Jene Islamistentruppe, die letztendlich aus bettelarmen jungen Männern besteht, die buchstäblich nichts zu verlieren hatten, fand sich im Zuge der Eroberung der Hauptstadt plötzlich in Palästen wieder, deren Prunk wahrscheinlich auch in internationalem Maßstab wenig Vergleichbares findet. Dem grenzenlosen Reichtum der Assads stand die fürchterliche Armut der Bevölkerung gegenüber. Wie das eben so ist, wenn ein offensichtlich gewissenloser, allmächtiger Clan Jahrzehnte über ein Land herrscht.
Theoretisch bietet sich hier die Chance, dass sich das bessert. Praktisch würden wir da aber von einer Horde Islamisten mit zweifelhafter und oft sicher auch komplett fehlender Schulbildung erwarten, dass sie ein so kaputtes Land wirtschaftlich wieder auf die Beine stellen - während sie eigentlich eine ideologische Agenda verfolgen, die sich um derart weltliche Fragen überhaupt nicht schert. Es kann sein, dass sie die Leute einfach machen lassen und sich daraus eine gute wirtschaftliche Entwicklung ergibt - aber das ist zum jetzigen Zeitpunkt natürlich reine Spekulation.
Seriös sagen, wo Syrien in einem Jahr steht, kann derzeit niemand. Diese Frage auch nur für die kommenden Tage und Wochen zu beantworten, wäre ja gewagt.
Vor diesem Hintergrund Debatten loszutreten, wann denn jetzt sämtliche Syrer, die in Deutschland Asyl gefunden haben die letzten 13 Jahre, sich auf die Heimreise machen, ist also verfrüht, um es mal vornehm auszudrücken. Strunzdämlich träfe es besser. Dennoch passiert es und die Union nutzt die Entwicklung in Syrien bereits als Wahlkampfthema - mit genau dieser Erwartung. Nämlich, dass jetzt ganz schnell und vor allem alle Syrer wieder nach Hause fahren sollten.
Fakt ist, dass viele das sehr wahrscheinlich auch jetzt bereits tun, vielleicht bereits getan haben. Zur Wahrheit gehört aber auch, dass viele das nie tun werden. Und die Realisten unter uns wünschen sich das gar nicht erst, weil es selbstverständlich reichlich Syrer gibt, die bei uns längst Arbeiten übernommen haben, die ansonsten liegen bleiben würden.
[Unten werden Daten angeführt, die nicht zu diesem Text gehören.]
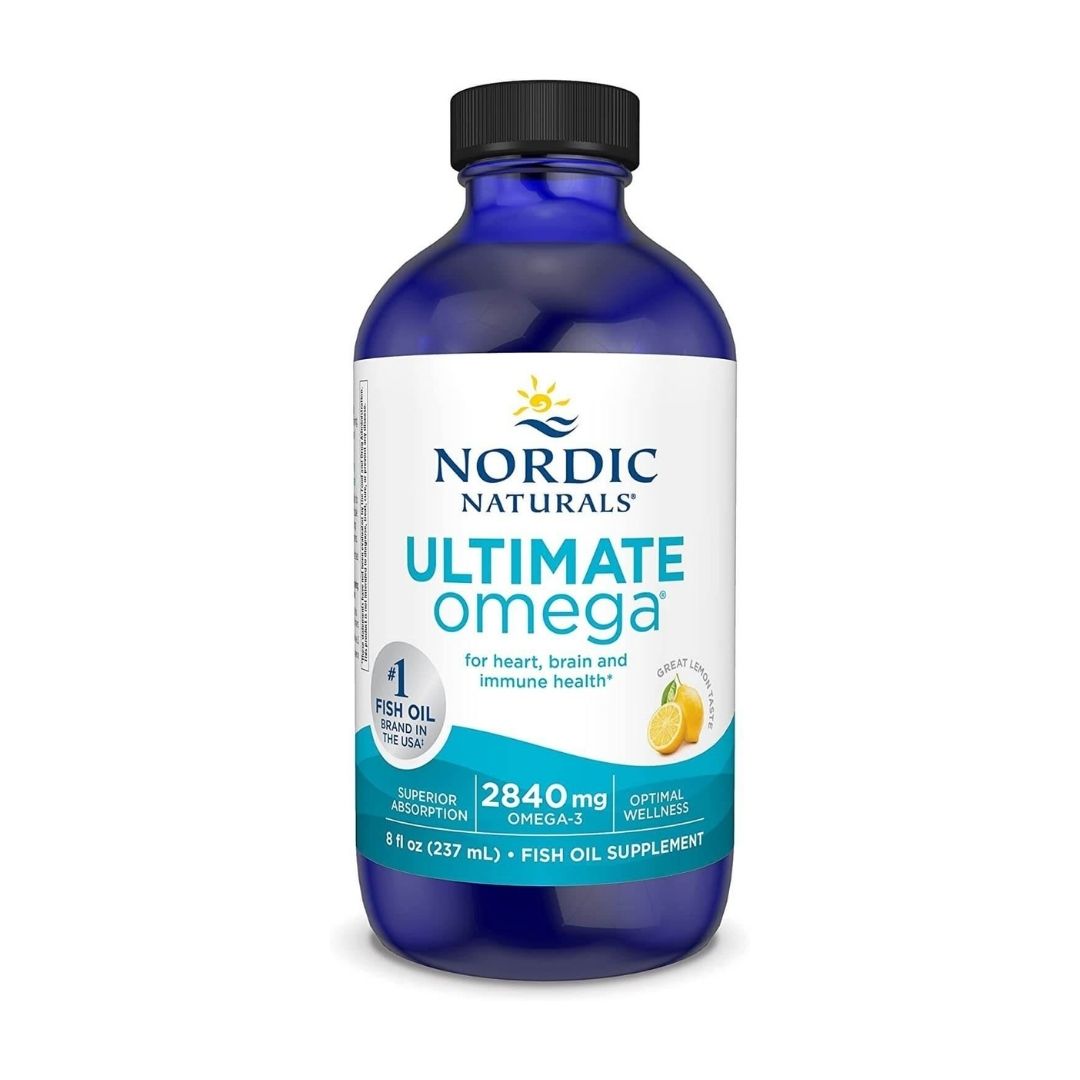NORDIC NATURALS Ultimate Omega, 2840 mg Lemon Flavor (237 ml / 8 fl. oz.)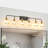 6 Light Bathroom Vanity Light Wall Mounted Above Mirror with Clear Glass Globe Shades Modern Metal Fixture-1632018540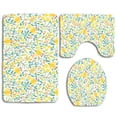 thumbnail image 1 of ABPHQTO Flores de primavera amarillo Juego de alfombras de baño de 3 piezas Alfombra de baño Alfombra de contorno y tapa de inodoro ABPHQTO Cont-CHAPPLE-37399, 1 of 2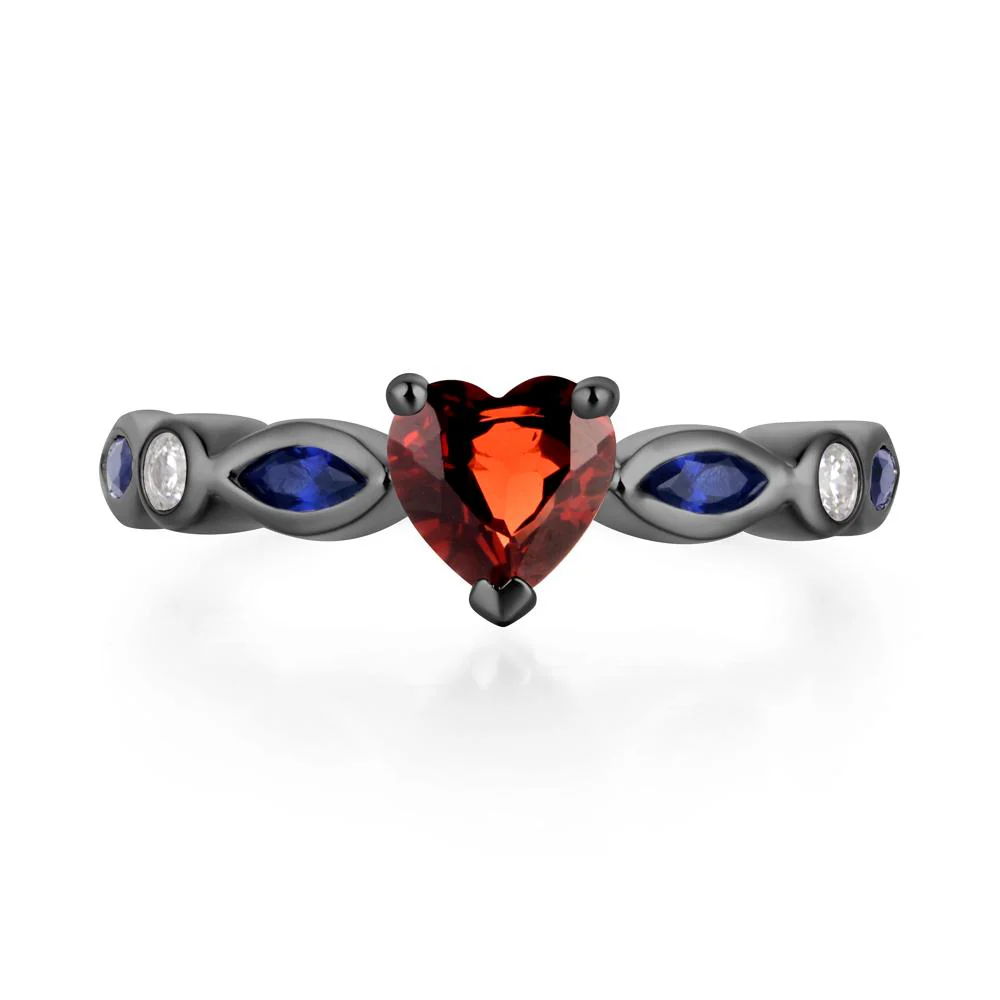 Heart Garnet Ring - Image 3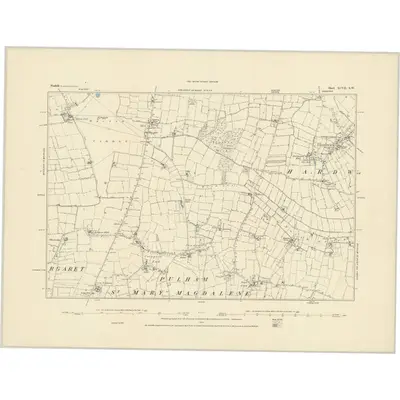 1883 Map of Norfolk XCVII.SW, 1884 Print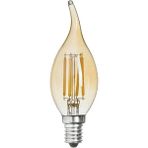 Rustik Kıvrık Buji LED Ampul 4 W E-14 2700K Amber Işık Şavk - 30 - 40 W
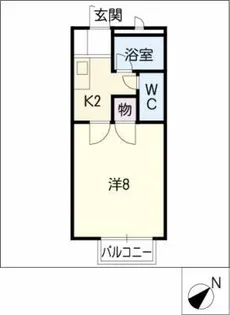 アーバン小島Ⅱ【2階】の間取り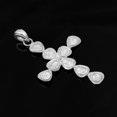 thumbnail image 2 of 1.25 CTW Natural Diamond Polki Christian Cross Religious Mother's Day Gift Pendant 925 Sterling Silver, 2 of 5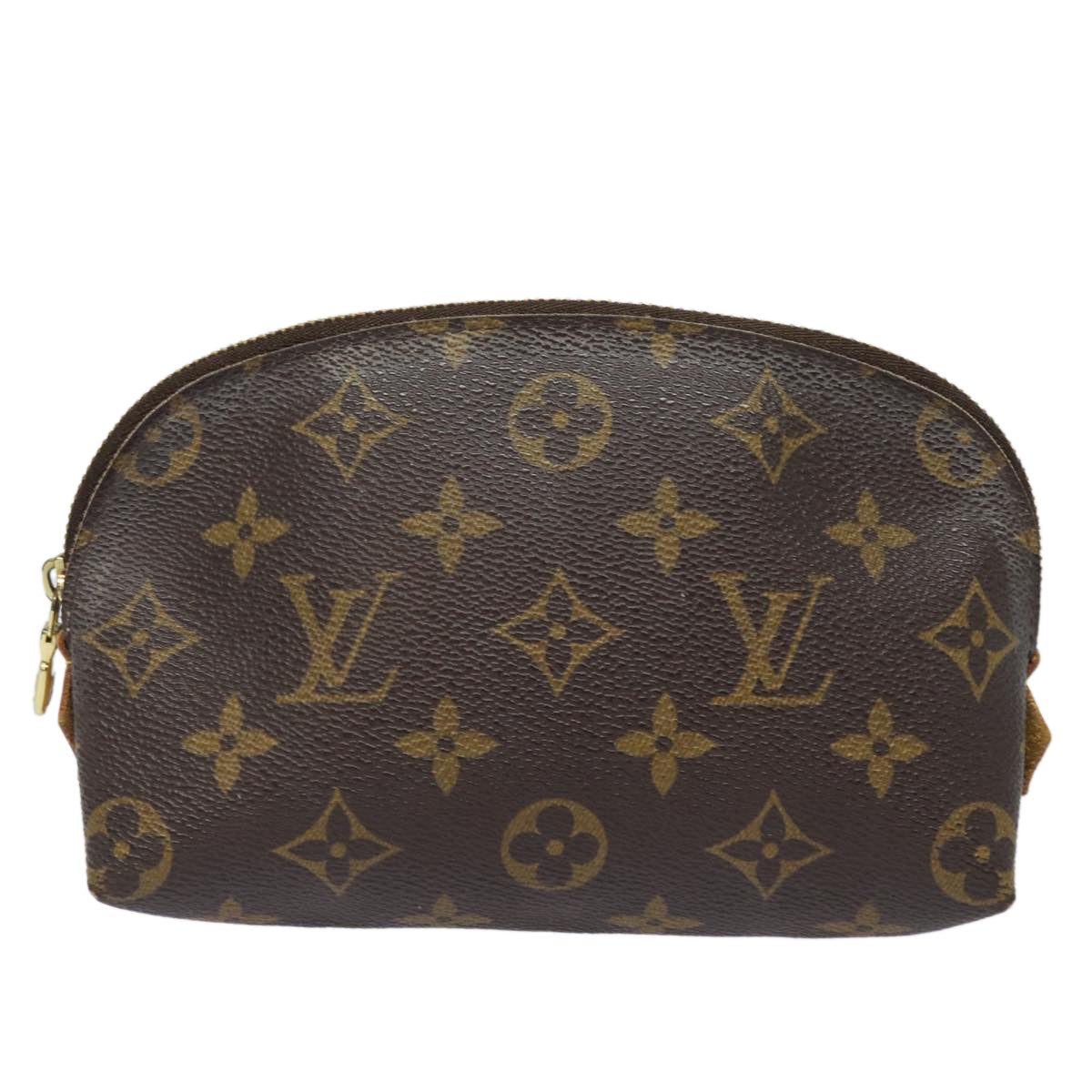 LOUIS VUITTON Monogram Pochette Cosmetic PM Cosmetic Pouch M47515 LV Auth 82042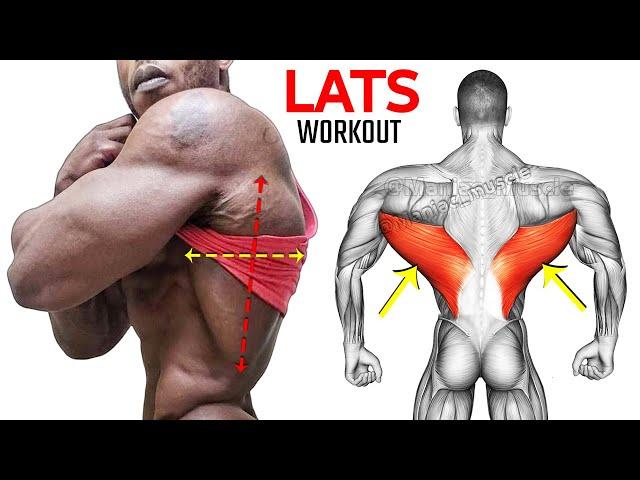 9 Best Exercise To  Lower Lats workout (V-TAPER)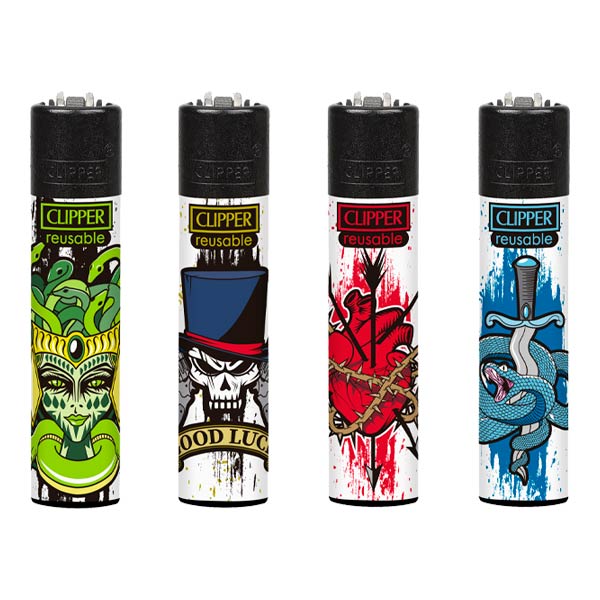 Mechero tattoo style 48 ud Clipper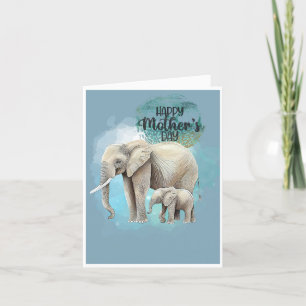 Elephant Mors dag Card Tack Kort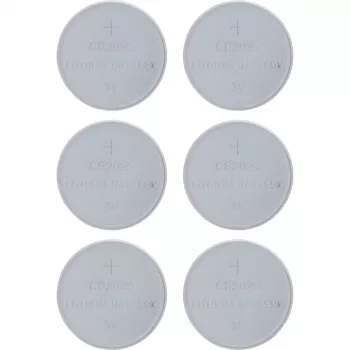 Pilha botão InLine CR2025 3V Lítio pack de 6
Wie die Geschichte in Syrien weitergeht, weiß kein Mensch. Es sieht so aus, als wüssten selbst die neuen Machthaber das noch nicht so richtig, wie der doch sehr vorsichtige Umgang mit der Bevölkerung zeigt - das ist nicht, wie sich beinharte Islamisten normalerweise verhalten. Und es steht zu befürchten, dass dieser Zustand auch nicht ewig so tolerant anhalten wird.
Das Denkmal dieser Woche setzen wir daher dem überraschend schnellen Ende des Assad-Regimes, was bis dato das einzige wirklich gesichert erfreuliche Ergebnis der Vorgänge in Syrien bleibt. Den Menschen in Syrien kann man nur wünschen, dass sich das Land jetzt weiter in eine gute Richtung entwickelt. Das wäre auch für die gesamte Region wünschenswert.
Ob das ansatzweise realistisch ist, bleibt leider abzuwarten.